The Cave of Spleen itself is a testament to the irrationality of emotion. “Spleen” here refers to melancholy, and its domain is full of fantastical creatures such as talking pies and living teapots. The nonsensical, Wonderland-like atmosphere of Spleen suggests that when someone dwells in melancholy, continuing to be sad or discontent over something, they dwell amongst nonsense. The wording of Umbriel’s request to the Goddess of Spleen further emphasizes this idea that melancholy is irrational. He suggests spleen to be behind a person reading rudeness into innocent conversation, becoming mad when losing a game, or being horrified by a pimple. In each of these instances, the person’s behavior is out of proportion with the actual severity of the situation, and yet, upset is common in each of these instances. The world of Spleen, according to the poem, is inherently fanciful and unreasonable.

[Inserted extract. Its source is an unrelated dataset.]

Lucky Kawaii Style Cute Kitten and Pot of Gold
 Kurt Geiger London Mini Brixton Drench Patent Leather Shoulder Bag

The Shallowness of British Nobility

One of the primary objects of Pope’s satire is 18th century British high society, which he portrays as shallow and foolish. Throughout the poem, Pope juxtaposes trivial matters with important ones, often employing metaphors involving battles and epics. The contrast between the smallness of what is being described and the gravity of the terms used to describe it creates a comical effect that emphasizes the superficiality of Hampton Court. When describing the social scene at Court, the narrator observes someone praising the Queen in the same couplet as another admiring a folding screen. To go from speaking of matters of state to mere decor signifies that here these topics of conversation are given similar importance. The Court’s overall emphasis on aesthetic beauty causes Belinda’s loss of a lock of hair to feel disastrous. Even though she has done nothing wrong, the humiliation could affect her reputation, as Umbriel reminds her, and her hair is now asymmetrical. The unpopularity of Clarissa’s reminder that beauty fades further highlights the group’s frivolousness. The characters of the poem live in a beautiful world full of beautiful people and appear to value this beauty above all else.